La consigna popular dice que el tiempo lo cura todo, pero olvidamos añadir que, en política, el tiempo también lo infecta. Desde hace meses —o quizás siglos, es difícil llevar la cuenta— vivimos en un bucle electoral que haría palidecer a “El día de la marmota”. Solo que aquí la marmota ya ha pedido la nacionalidad y un escaño.
Se nos dijo que la campaña era una carrera de fondo, pero nadie aclaró que la pista estaba hecha de cinta transportadora, siempre hacia atrás. El votante, agotado, no avanza: repite mítines como quien repite episodios de una serie que no le gusta pero “ya que la empecé, la termino”. Y así, entre sonrisas en carteles y promesas con la caducidad del yogur abierto, seguimos en la misma estación, esperando un tren que ya pasó… tres campañas atrás.

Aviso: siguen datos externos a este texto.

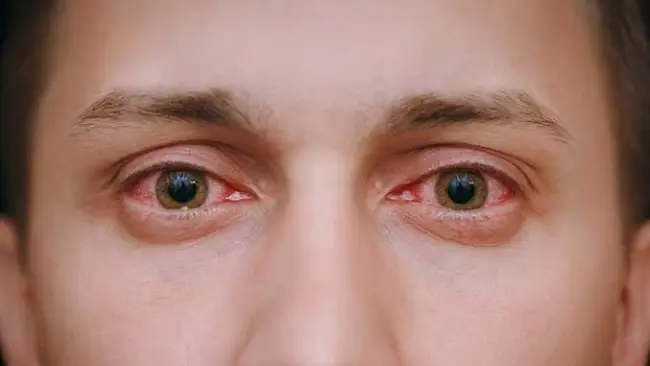 Ojos Rojos: causas y tratamientos
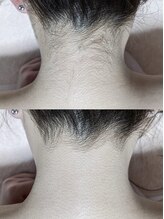 ドルチェ(Dolce)/うなじ脱毛《before after》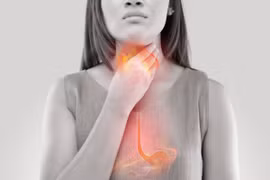 Triệu chứng ợ nóng do trào ngược dạ dày gây khó chịu. (Ảnh: iStock)
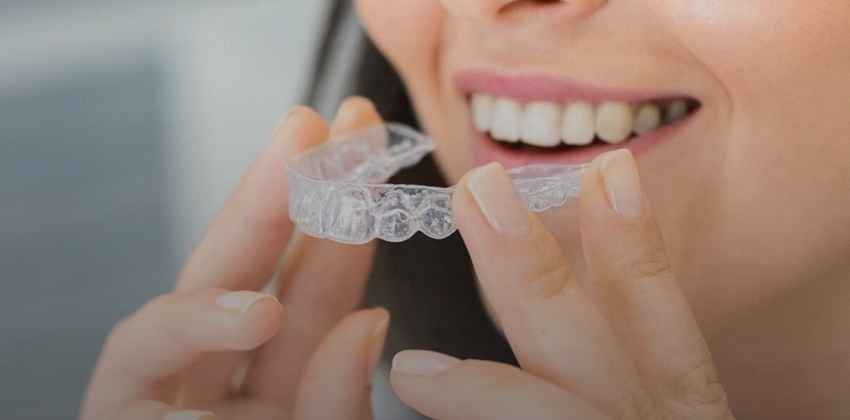 Tipos de Aparelhos Ortodônticos: conheça as opções para alinhar seu sorriso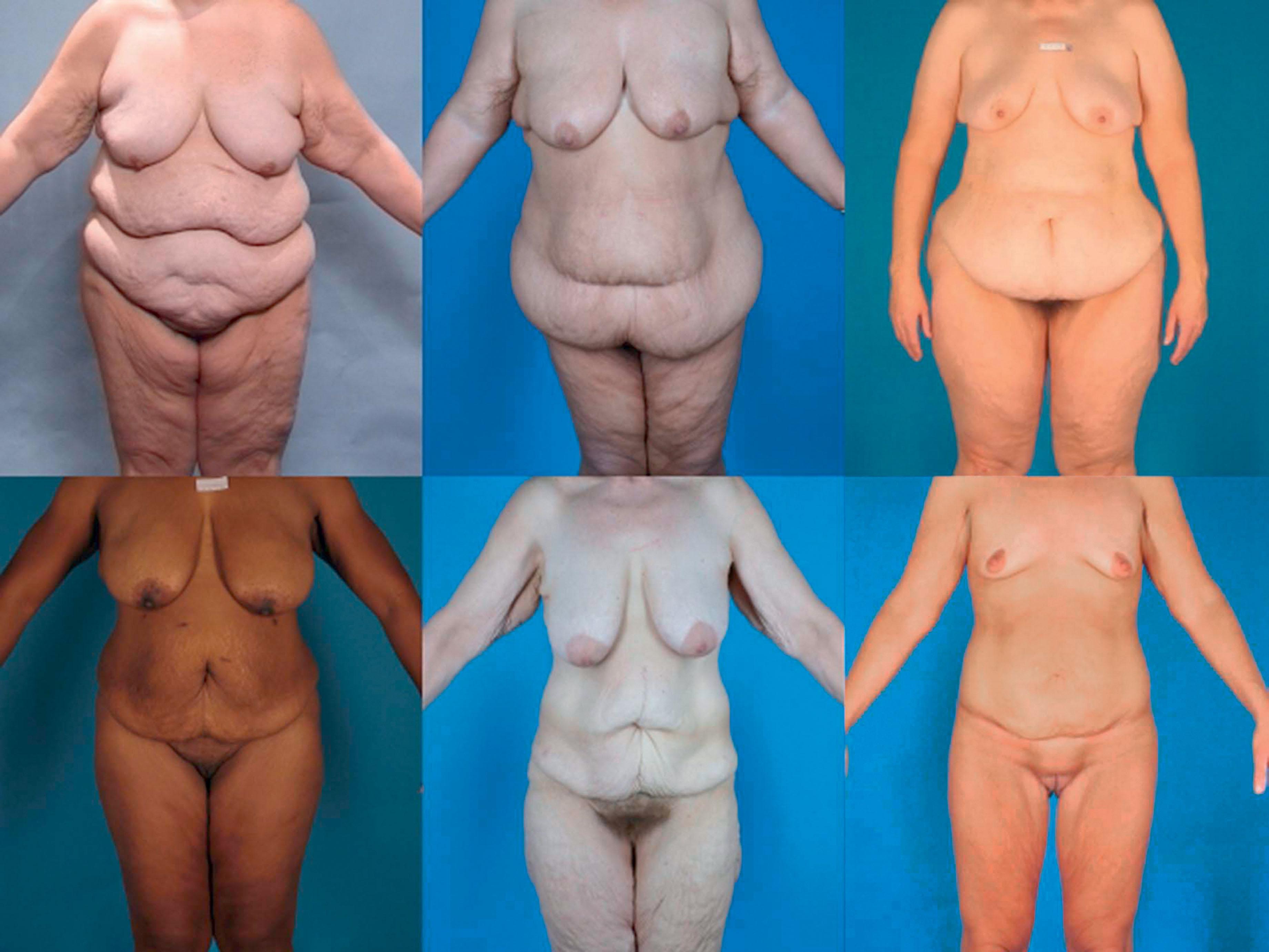 Figure 31.9, Six massive weight loss patients demonstrating the variety in shape and size of their presenting panniculi.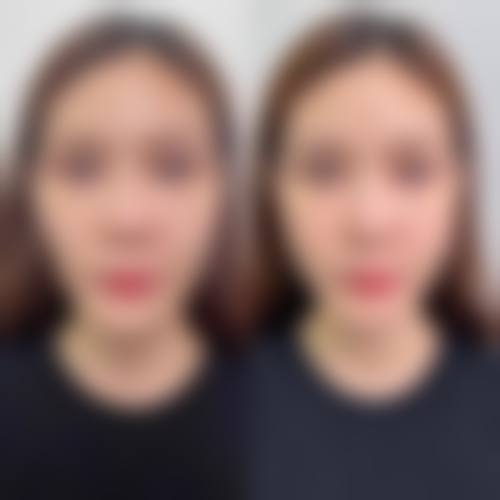 四、烟台贝漾医疗美容整形门诊部特色项目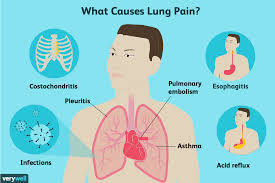The lungs are located in the chest, behind the rib cage on either side of the heart. Lung Pain Causes Treatment And When To See A Doctor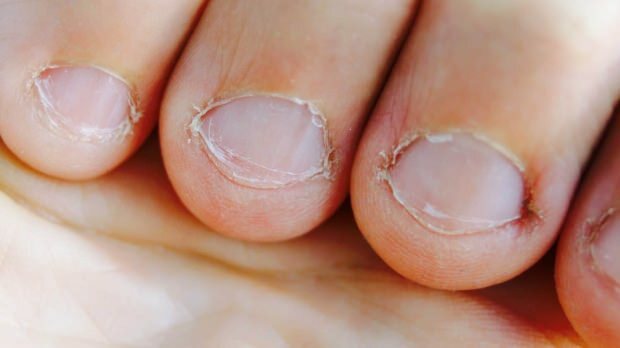 Che cos'è la malattia del consumo di unghie? Quali malattie provoca il consumo di unghie?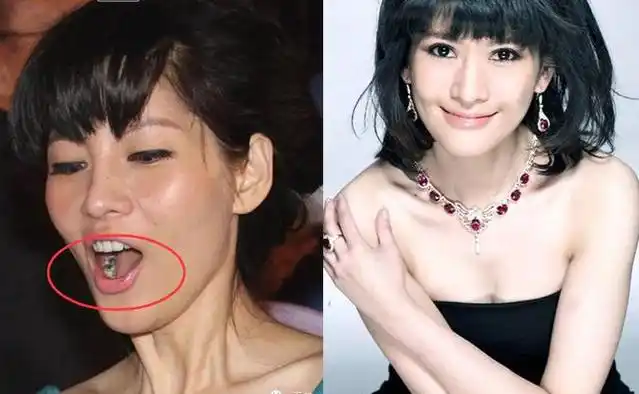 率,号称主持第一美女,但在某一次活动上被记者拍到牙齿的一片小黑洞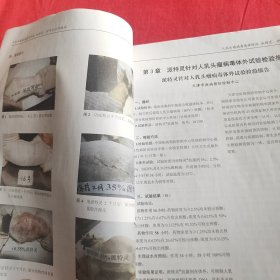 人乳头瘤病毒感染防治 派特灵、伊可尔应用技术 第八版
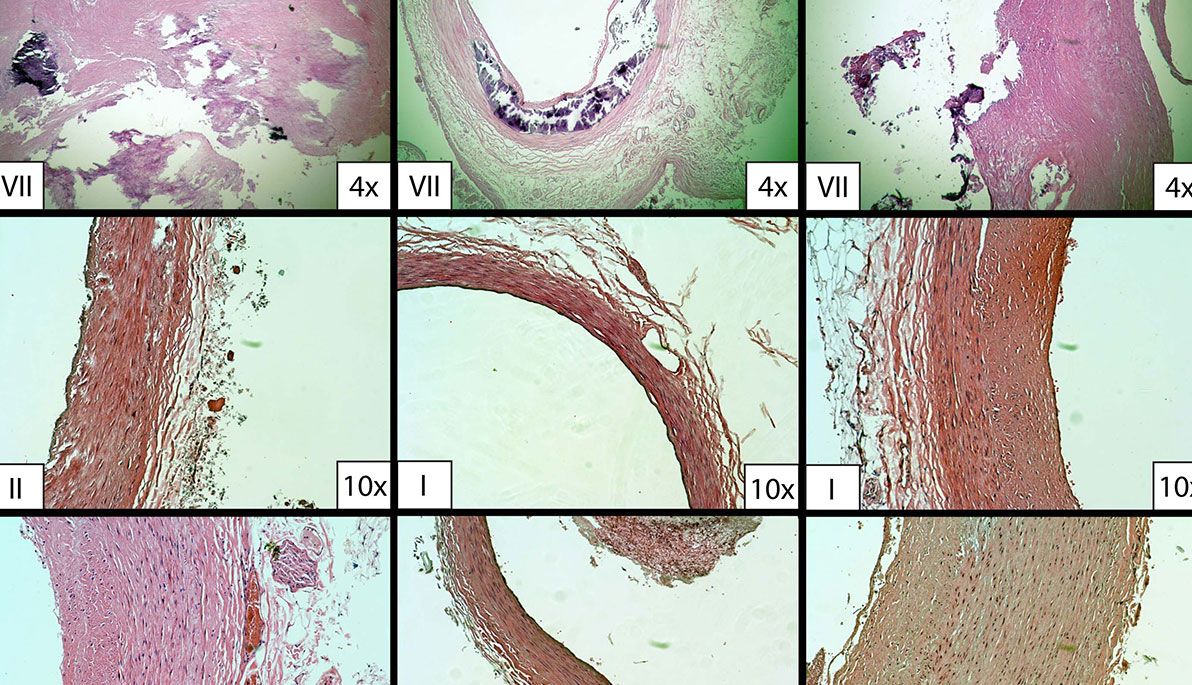 Researchers Find a Way to the Heart of Heart Disease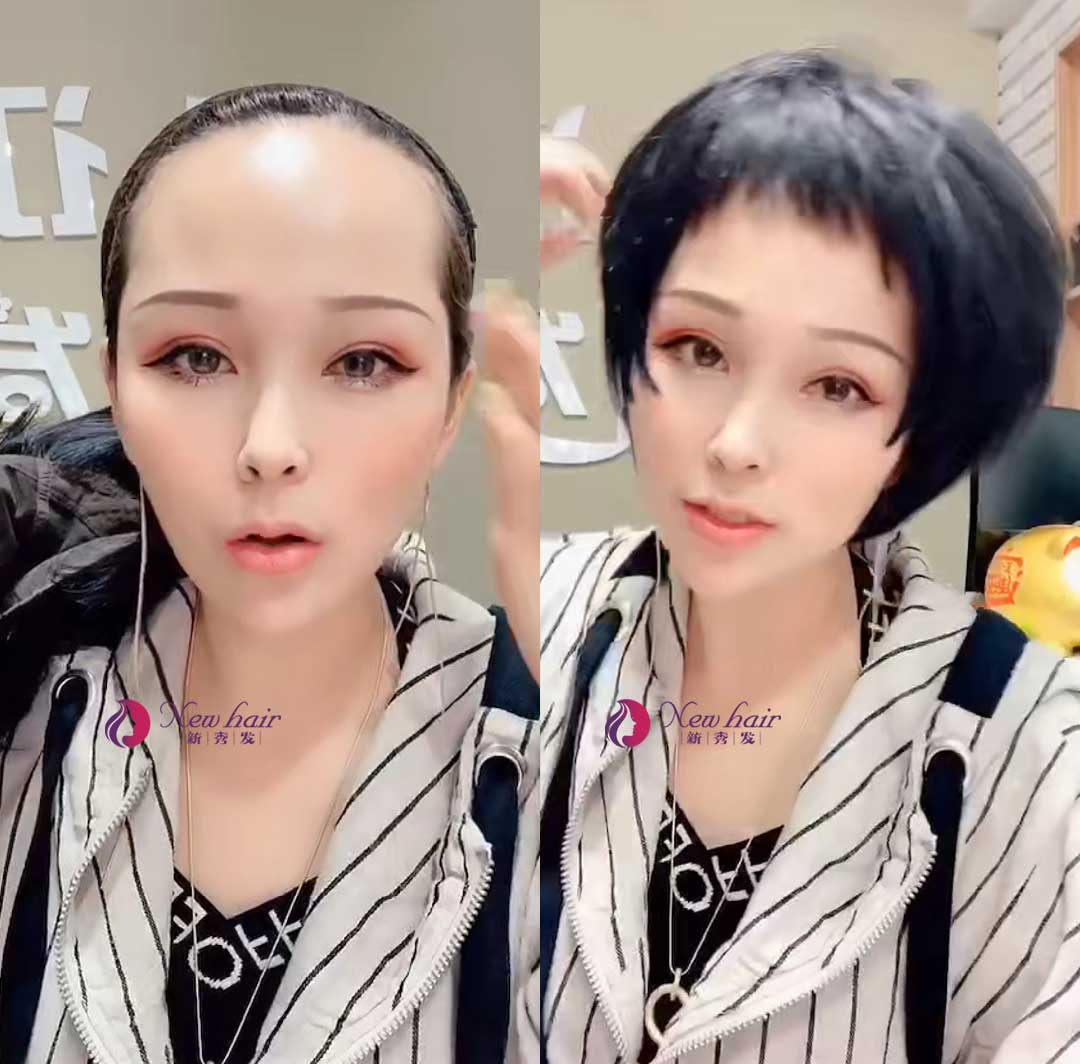怎么佩戴假發(fā)？假發(fā)套價格怎么計算？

Los estrategas políticos aseguran que este constante goteo electoral “mantiene viva la democracia”. Lo que callan es que también mantiene viva la industria de las banderitas, los micrófonos y las gorras con eslogan. Hay pueblos donde el único evento cultural del año es la colocación de pancartas; la procesión de santos quedó en segundo lugar porque “no genera trending topic”.
El tiempo, en teoría, es imparcial. Pero en política es un árbitro que pita siempre que el balón se acerca a la portería. Las crisis se alargan para encajar en el calendario electoral; las reformas se posponen “hasta después de las elecciones”, sin precisar de cuáles. De hecho, no sería raro que pronto veamos campañas preventivas: candidatos pidiendo el voto para 2032 “por si acaso”.
La medicina nos enseña que para curar una herida hay que dejarla cicatrizar. En política, en cambio, preferimos abrirla cada tres semanas, hurgar un poco, y echarle sal para “que no se infecte de la oposición”. Así no se cura nada: se cronifica, como esas series que nunca cierran trama por miedo a bajar de audiencia.
Quizá el problema no es que el tiempo no cure, sino que no le dejamos trabajar. El político teme que, si le damos un par de años tranquilos, el ciudadano recuerde que su vida puede transcurrir sin la constante música de campaña. Y eso sería desastroso: ¿quién financiaría entonces la imprenta local o los globos de helio patrióticos?
Por eso seguimos, como un paciente que finge tos para no perder la atención del médico. Porque en este gran hospital que es la nación, el diagnóstico es siempre el mismo: “Campaña crónica con brotes de promesas agudas”. Y el tratamiento, claro, consiste en más campaña. Total, si el tiempo lo cura todo… mejor no arriesgarse a que nos cure a nosotros.